When converting from one fixed point representation to another, there is often a right shift operation to eliminate bits. (Or higher order bits are just stored without keeping the lower order bits.) This occurs when converting from a Q31 to a Q15 format number for example, since 16 bits need to be eliminated. Before throwing away the unused bits, sometimes it is desirable to perform a rounding operation first. This can improve the accuracy of results, and can prevent the introduction of a bias during conversion of a signal. Rounding is also an important operation when generating fixed point filter coefficients from floating point values, but that is not the subject of this post.
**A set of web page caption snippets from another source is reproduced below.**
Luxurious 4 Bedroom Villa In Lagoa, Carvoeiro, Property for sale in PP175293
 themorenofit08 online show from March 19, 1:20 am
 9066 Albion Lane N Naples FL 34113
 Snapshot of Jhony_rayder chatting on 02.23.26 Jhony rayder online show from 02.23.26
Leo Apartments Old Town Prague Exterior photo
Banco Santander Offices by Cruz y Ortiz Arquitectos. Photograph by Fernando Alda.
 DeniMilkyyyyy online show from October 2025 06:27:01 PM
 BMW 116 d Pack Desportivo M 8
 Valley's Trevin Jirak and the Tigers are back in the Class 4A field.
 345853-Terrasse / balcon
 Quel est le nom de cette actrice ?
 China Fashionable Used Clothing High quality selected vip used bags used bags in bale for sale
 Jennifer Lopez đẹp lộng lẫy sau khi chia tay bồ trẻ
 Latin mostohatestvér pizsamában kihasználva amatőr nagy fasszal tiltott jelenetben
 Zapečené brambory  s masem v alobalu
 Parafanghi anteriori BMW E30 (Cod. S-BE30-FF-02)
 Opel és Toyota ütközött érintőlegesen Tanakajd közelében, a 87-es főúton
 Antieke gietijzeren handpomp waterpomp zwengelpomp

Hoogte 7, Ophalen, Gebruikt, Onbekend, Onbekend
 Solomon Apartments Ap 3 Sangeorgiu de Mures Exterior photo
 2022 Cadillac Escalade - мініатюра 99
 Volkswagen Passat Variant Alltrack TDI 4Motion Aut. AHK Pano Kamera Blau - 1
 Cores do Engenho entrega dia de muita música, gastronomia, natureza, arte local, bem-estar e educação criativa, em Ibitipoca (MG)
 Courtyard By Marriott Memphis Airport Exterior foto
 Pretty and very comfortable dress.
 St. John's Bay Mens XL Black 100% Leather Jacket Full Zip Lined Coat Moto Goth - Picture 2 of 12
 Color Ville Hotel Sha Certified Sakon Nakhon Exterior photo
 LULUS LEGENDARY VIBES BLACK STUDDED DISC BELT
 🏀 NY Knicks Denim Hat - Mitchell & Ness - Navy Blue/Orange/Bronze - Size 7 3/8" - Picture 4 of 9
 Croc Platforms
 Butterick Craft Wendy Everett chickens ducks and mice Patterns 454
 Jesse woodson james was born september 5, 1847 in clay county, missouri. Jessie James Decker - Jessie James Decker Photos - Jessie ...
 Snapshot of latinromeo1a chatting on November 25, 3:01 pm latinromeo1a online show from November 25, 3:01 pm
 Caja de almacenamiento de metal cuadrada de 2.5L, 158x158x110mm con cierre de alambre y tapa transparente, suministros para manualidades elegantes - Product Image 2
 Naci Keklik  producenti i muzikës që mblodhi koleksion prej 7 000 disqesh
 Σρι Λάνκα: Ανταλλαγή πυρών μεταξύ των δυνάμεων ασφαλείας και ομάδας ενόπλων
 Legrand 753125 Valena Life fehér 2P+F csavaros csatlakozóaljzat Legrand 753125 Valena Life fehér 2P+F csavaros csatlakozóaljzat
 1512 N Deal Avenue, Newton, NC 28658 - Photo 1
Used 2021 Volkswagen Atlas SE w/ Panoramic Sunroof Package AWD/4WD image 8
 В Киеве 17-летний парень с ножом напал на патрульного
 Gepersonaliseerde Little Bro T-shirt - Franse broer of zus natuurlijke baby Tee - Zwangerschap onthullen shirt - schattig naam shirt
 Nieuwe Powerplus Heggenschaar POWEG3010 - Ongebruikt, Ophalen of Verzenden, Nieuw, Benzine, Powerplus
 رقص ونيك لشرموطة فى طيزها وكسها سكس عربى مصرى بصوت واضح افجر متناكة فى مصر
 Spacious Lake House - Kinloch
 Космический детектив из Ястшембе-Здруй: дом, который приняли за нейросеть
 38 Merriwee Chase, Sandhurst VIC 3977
To illustrate rounding, I will use an example where six different signed Q7.8 numbers are converted to a signed Q15.0 number (a regular 16 bit integer). I will illustrate truncation (throwing away the least significant eight bits) and rounding. Recall that a Q7.8 number has seven integer bits and eight fractional bits. For the example, the six numbers will be 1.25, 1.5, 1.75, -1.25, -1.5 and -1.75.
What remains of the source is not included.